その5 茶の湯の裾野を広げるには

 先日、学生の頃の友人(男)を茶の稽古に誘った。実を言えば、茶会の席(その4参照)に誘ったのが都合が付かず、しかしお茶には興味があるという事で連れて行ったのだった。

 カルチャーセンターのどちらかというとお気軽な感じの稽古だが、男性と女性の比率がほぼ同等という理想的な構成である。約2時間の間に友人は2回ほど客をし、その内の1回は私が特別に稽古を受け(本来の自分の稽古の場ではなかった)茶を点てた。

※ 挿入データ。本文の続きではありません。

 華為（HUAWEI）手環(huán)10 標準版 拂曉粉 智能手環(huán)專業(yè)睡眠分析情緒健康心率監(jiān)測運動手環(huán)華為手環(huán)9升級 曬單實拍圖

 稽古の終わりに、先生から感想を聞かれ友人が答えたのは、”とにかく足がつらい。”それに応じて先生は、”足がしびれるとかどうとかいう事は茶を学ぶ本質的な部分からは離れたことで気にすることはない。その内慣れる事だし、まずはお茶(の世界)が好きかどうかという事の方が大切である。”さらに、日本文化の中で、茶の湯が果たしてきた役割等を解説して頂いた。

 その後、自宅でビールを飲りつつ、BS放映の北野武の茶事の模様などを見つつ、色々と茶の湯について話した。だいぶ関心はあるようだが、やはり稽古となるといまいち乗り気ではない様子。

 数日し、友人から連絡があった。”やはり、正座の苦痛には耐えかね稽古は断念する。”

 

 自分にとってお茶の面白さはお点前や作法などではない。まして、正座が好きなんてことはない。(ただ、着物を着こなしきちんと正座した姿は美しいと思う。)許状なんかには今の所興味がなく、むしろ家元制度や権威主義、金権主義的な部分に疑問を感じさせする。一生、平茶人で結構だ。(もちろんそのような形で精進されている方々を否定する訳ではない。)茶の湯の本質は、お茶を如何に美味しく飲むか(飲ませるか)という所にあると思う。

 お茶を美味しく飲む(飲ませる)為の仕立てが、茶室や道具、懐石、そしてお点前なのだ。それらは必要条件ではあるが、十分条件ではない。その辺が本末転倒し、まずお点前ありき、なのが現在の多くの茶道であり茶人なのではないだろうか。それでは、お茶は堅苦しく窮屈なものという印象を拭い去ることは出来ない。

 茶の稽古は割稽古として、点前の部分を切り取って行うのはやむを得ないとしても、あくまで茶事の一部にすぎないという事を常に意識したい。茶事こそが本来のお茶の楽しさであるとアピールすることが、茶の湯の裾野を広げる事(特に男性に対しては)になると考える。

 一般には、今の日本料理の原点が茶懐石にあることを知らない者も多いし、茶会にお酒が出ることに驚く者もいる。うまい料理に舌鼓を打ち、程々のお酒をたしなんだ後の一服のお茶の美味しさを味わう、そういう楽しさから茶の湯愛好者を広げていきたいと思う。そういうことが可能な、茶味あふれる料理屋を自分の手で実現することが、目下の野望である。